▶ _Requirement_: Transcribe exactly, leaving out pictures, the lines from the one that holds "Pernera Beach Hotel" through the end of the data below, including both end lines and no others.

▶ _Information supplied_:
-- -- --

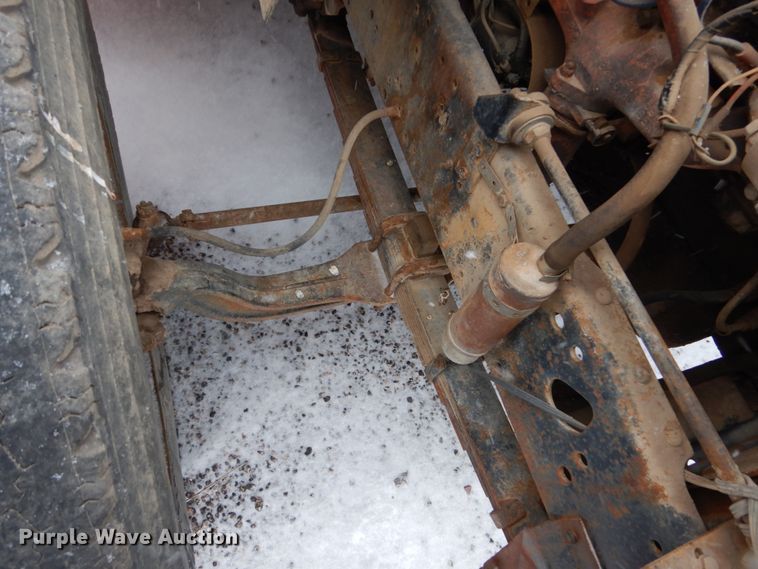 image for item FU9213 1974 International 1600 fuel truck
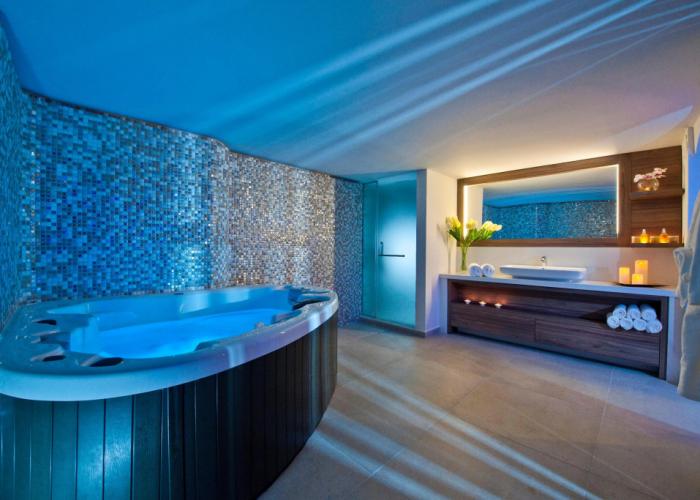 Pernera Beach Hotel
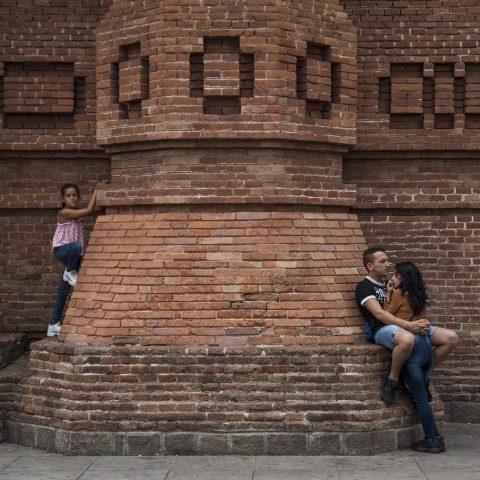 Romance at the Arc de Triomf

-- -- --

▶ _Task answer_:
 Pernera Beach Hotel
 Romance at the Arc de Triomf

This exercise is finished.